__WORK REQUIRED__
Using the entries below, write out the line with "Maison - 186 m² - 8 pièces", the line with "Chefe da Ferrari", and every line in between, exactly as each is written.

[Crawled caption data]
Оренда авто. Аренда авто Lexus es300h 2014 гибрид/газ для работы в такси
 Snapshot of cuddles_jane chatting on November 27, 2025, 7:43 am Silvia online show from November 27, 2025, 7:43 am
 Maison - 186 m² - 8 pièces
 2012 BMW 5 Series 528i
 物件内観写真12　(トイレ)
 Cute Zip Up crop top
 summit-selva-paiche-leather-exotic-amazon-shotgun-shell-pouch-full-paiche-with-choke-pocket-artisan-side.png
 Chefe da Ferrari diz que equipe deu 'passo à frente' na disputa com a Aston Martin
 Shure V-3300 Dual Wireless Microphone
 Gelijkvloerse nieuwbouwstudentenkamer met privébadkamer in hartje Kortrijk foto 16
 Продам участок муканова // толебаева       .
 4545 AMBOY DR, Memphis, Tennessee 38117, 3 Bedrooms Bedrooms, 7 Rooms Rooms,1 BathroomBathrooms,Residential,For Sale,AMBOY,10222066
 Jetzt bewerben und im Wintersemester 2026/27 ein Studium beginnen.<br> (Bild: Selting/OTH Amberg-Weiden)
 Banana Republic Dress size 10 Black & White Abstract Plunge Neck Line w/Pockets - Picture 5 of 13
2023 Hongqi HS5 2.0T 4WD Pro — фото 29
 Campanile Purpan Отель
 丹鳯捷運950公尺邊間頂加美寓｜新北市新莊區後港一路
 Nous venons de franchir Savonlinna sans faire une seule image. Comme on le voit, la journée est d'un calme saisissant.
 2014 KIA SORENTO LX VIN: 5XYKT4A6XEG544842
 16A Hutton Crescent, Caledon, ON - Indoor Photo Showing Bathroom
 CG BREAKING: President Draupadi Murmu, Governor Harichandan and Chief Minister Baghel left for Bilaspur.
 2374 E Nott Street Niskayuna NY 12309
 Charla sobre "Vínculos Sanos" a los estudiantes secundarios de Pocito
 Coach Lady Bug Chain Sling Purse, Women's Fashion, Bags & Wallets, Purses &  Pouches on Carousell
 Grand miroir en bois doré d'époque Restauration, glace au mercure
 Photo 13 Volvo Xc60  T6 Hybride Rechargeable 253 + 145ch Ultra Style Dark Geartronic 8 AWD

__SOLVED PROBLEM__
 Maison - 186 m² - 8 pièces
 2012 BMW 5 Series 528i
 物件内観写真12　(トイレ)
 Cute Zip Up crop top
 summit-selva-paiche-leather-exotic-amazon-shotgun-shell-pouch-full-paiche-with-choke-pocket-artisan-side.png
 Chefe da Ferrari diz que equipe deu 'passo à frente' na disputa com a Aston Martin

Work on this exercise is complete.